Scott shook his head. “Nah. I'm not in the best shape right now.”

What? That wasn't like Scott. He always enjoyed the opportunity to show off his muscles. I frowned at him but I didn't say anything. My head felt a little light. Maybe I just needed water? Or to go home and get in bed. Try to touch myself while fantasizing about Skylar's new coach, use him to keep visions of Dash away.

Rick finished his set and huffed off.

“Hey, Catt.” Scott reached for my wrist and I stopped the treadmill, wiped sweat from my face with a towel, and turned to him. There were dark circles under his eyes, just visible beneath the rim of his Harry Potter glasses.

“You okay?” I asked. But I asked too casually, I know that now. Hindsight is twenty-twenty, but what good does it do you?

“Yeah, I think I'm coming down with something. It's no big deal. I wanted to talk to you.”

I was always so comfortable around Scott, but for some reason I felt the desire to back away. “Sure. What is it, honey?”

“I just … I really want you to have everything you deserve,” he said. “I want you to be happy.”

“Thanks, Scotty. Me, too.”

“No, seriously.”

“Okay. You sure you're okay, though?”

“Yeah,” he said. “I'm fine. I'll be fine.”

“I'm going to make you some Chinese soup with lots of ginger and garlic. Can you come by tomorrow?”

“Thank you. And then maybe I can show you my new space.” Scott had moved out of his girlfriend Emi's apartment a few weeks earlier. I still didn't quite understand why he had broken up with her. They'd met when she applied for a job as a trainer at Body Farm, although she'd turned it down because she didn't want to work for Big Bob. She was only in her midtwenties and Scott had alluded to some sexual issues between them. I didn't know if she was just shy and inexperienced or if it was something with Scott. In some ways he was a mystery to me. Not that I thought he was gay, but it felt like he was hiding a part of himself, holding himself back. We had flirted when we first met at Body Farm, he was my best friend besides Bree, we loved each other, but there was always this distance. And it had grown worse in the last year. I'd thought it was Emi, but now that they'd broken up, he was just as remote, if not more so.

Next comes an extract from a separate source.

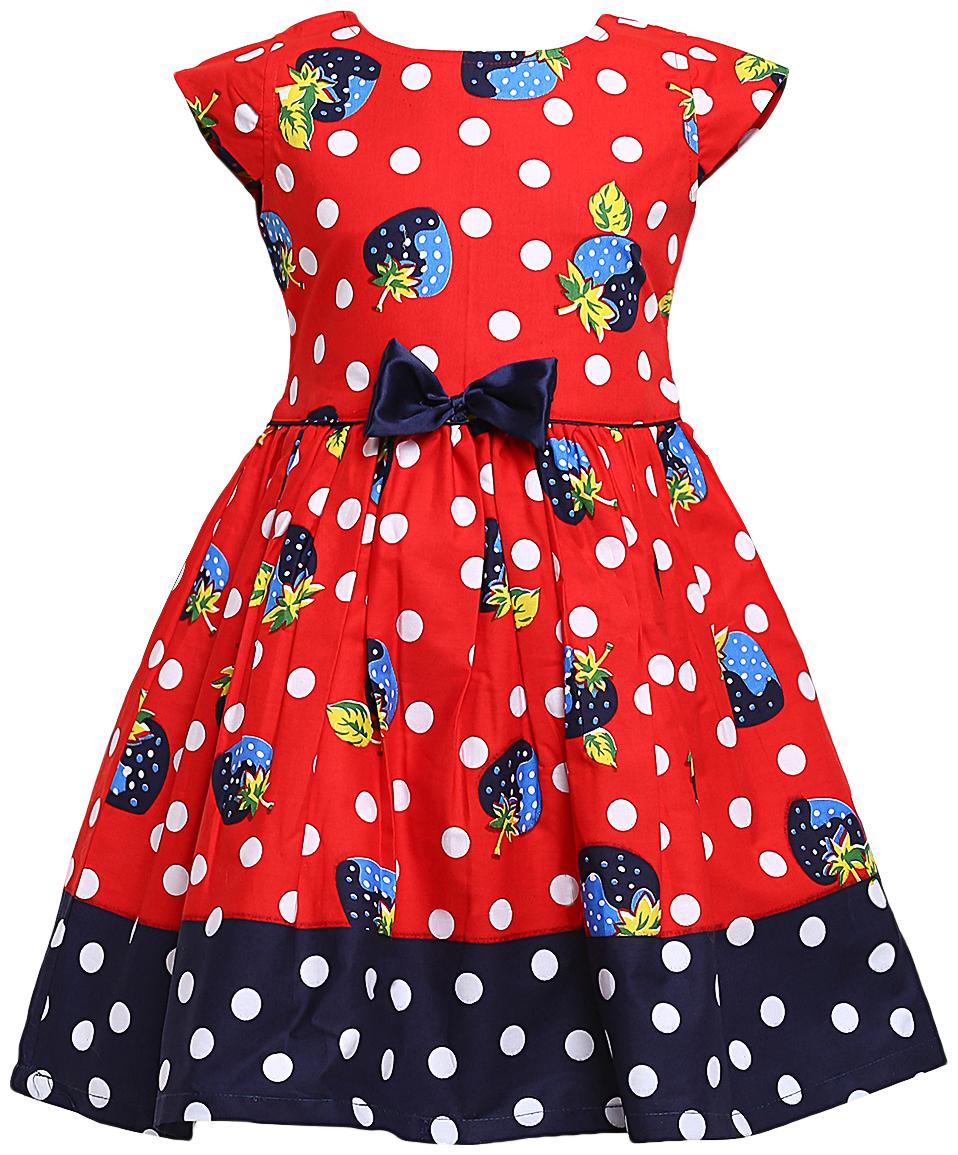 

Aarika Red Cotton Sleeveless Knee Length Princess Frock ( Pack of 1 )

Big Bob was at the door with the hot new girl. Her name was Leila Reynolds; Scott had introduced us. He had been training her at first, until Bob saw her and decided she was his. I wondered if Dash's new girlfriend looked like that, except with tattoos and piercings probably. “Looking good, Catt,” Bob said. “Losing some weight there?”

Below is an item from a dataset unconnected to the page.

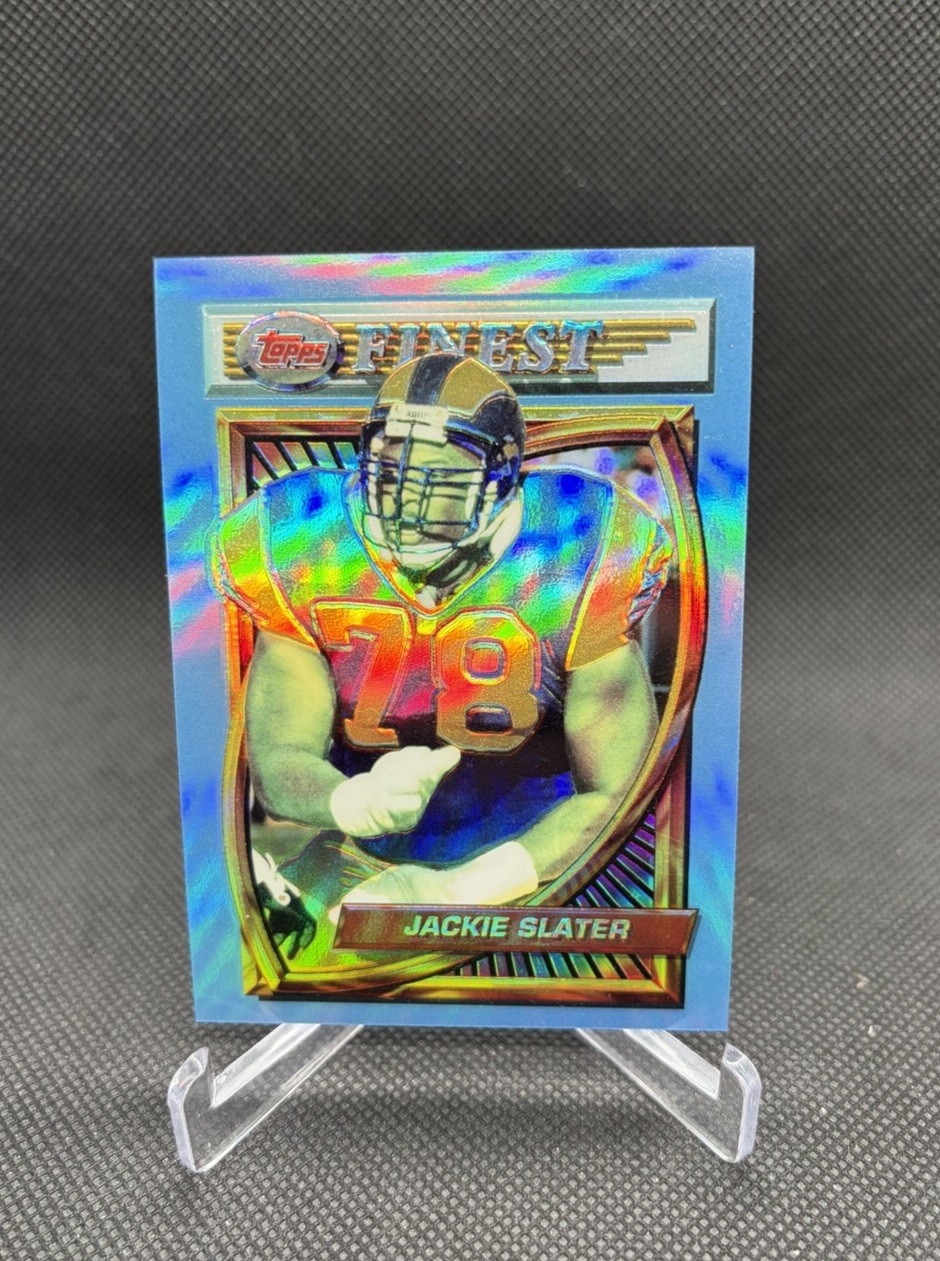 1994 Topps Finest - Jackie Slater #139 Refractor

He hardly ever talked to me. I stared at him blankly. “Thanks.”

“Tell Bree to come see me,” he said.

Something about him reminded me of taxidermy—the sewn back face-lift, the dead glass eyes. I realized that without Dash I was much more afraid of just about everything and everyone, which made no sense. I told myself then that I should have been afraid of Dash all along.

*   *   *

The next night Scott came by for soup and homemade spring rolls, which we ate on the couch, sitting cross-legged facing each other, wearing our socks. We hung out awhile and then drove over to Scott's new apartment. It was just a studio in a French Normandy building on Franklin, and he'd sold almost all of his furniture. I asked him why he'd downsized so dramatically.

“It's a fresh start. I need to be ready for change.”

“What kind of change?” I asked. “You're not going on some big trip without me or something, are you?”

“Maybe.” He smiled and walked over to me, his hands in his sweatpants pockets. “But it won't be forever.”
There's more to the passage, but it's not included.